## Task brief
Give the listing again exactly, skipping any pictures it holds.
#### Information provided ####
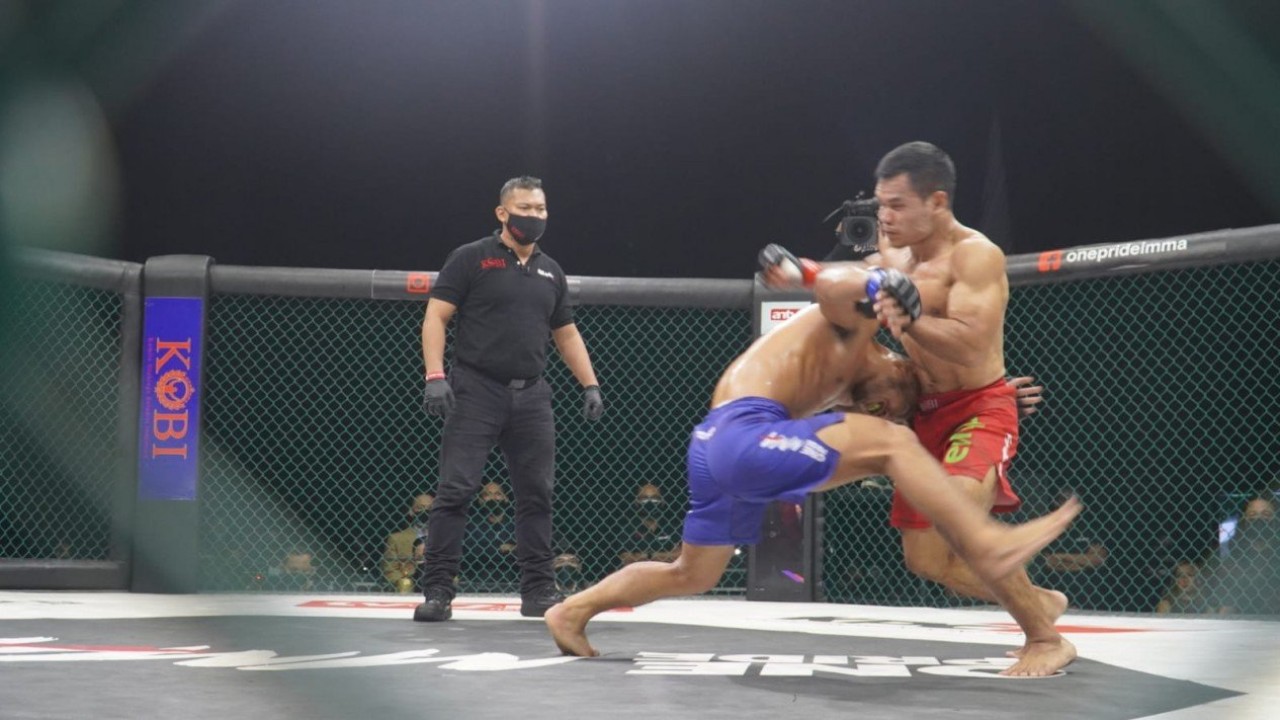Pertarungan seru di ajang One Pride MMA/ist
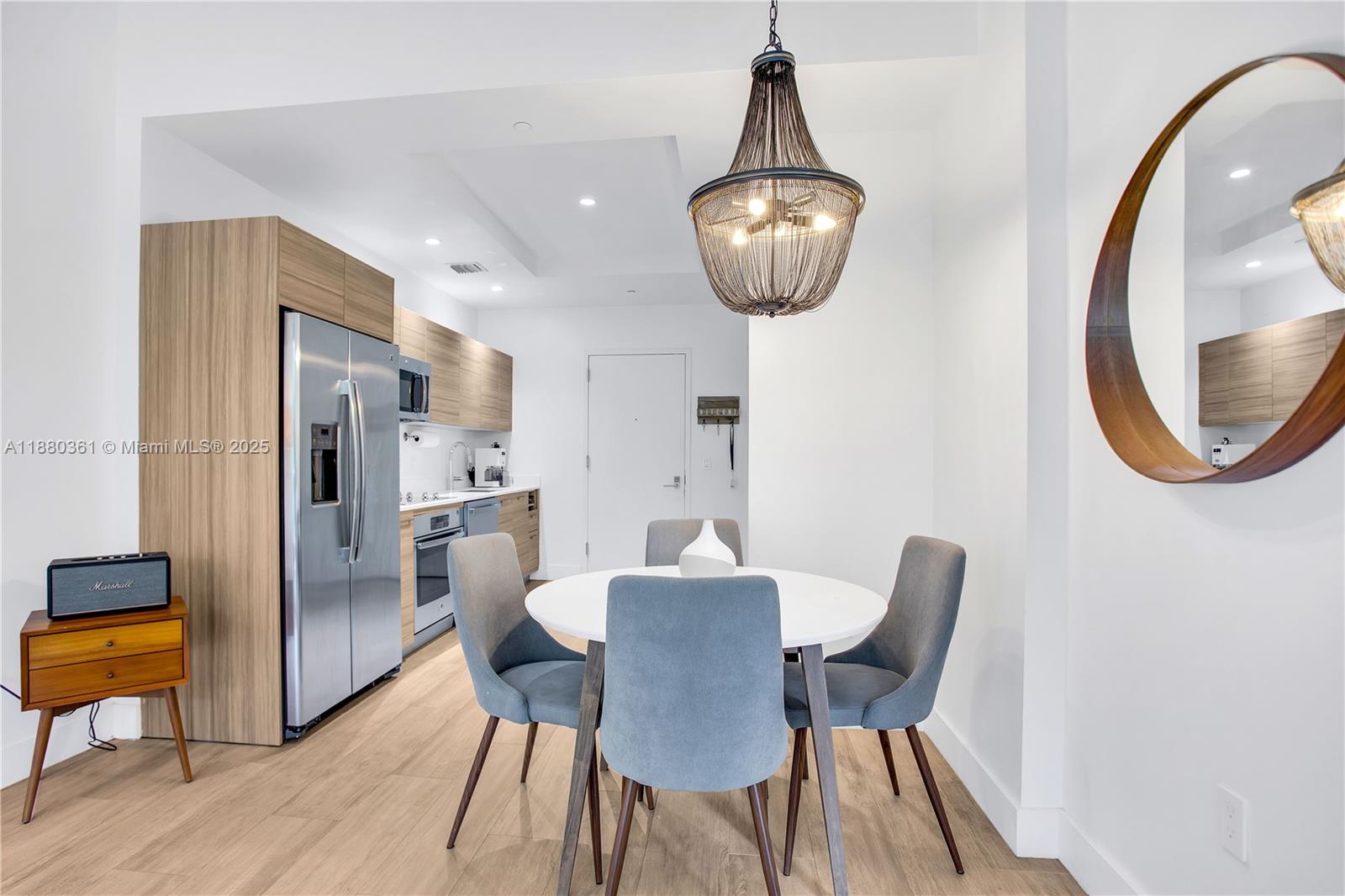 3401 MIDTOWN CONDO - Residential Lease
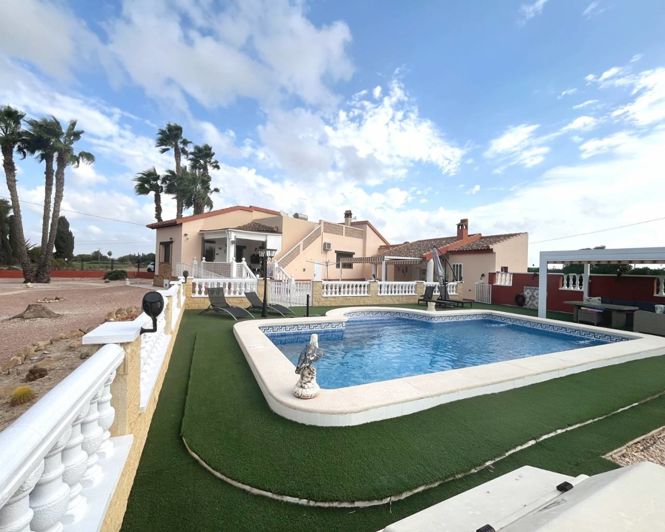 Image No.2-3 Bed Villa for sale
####
## Response for this exercise
Pertarungan seru di ajang One Pride MMA/ist
 3401 MIDTOWN CONDO - Residential Lease
 Image No.2-3 Bed Villa for sale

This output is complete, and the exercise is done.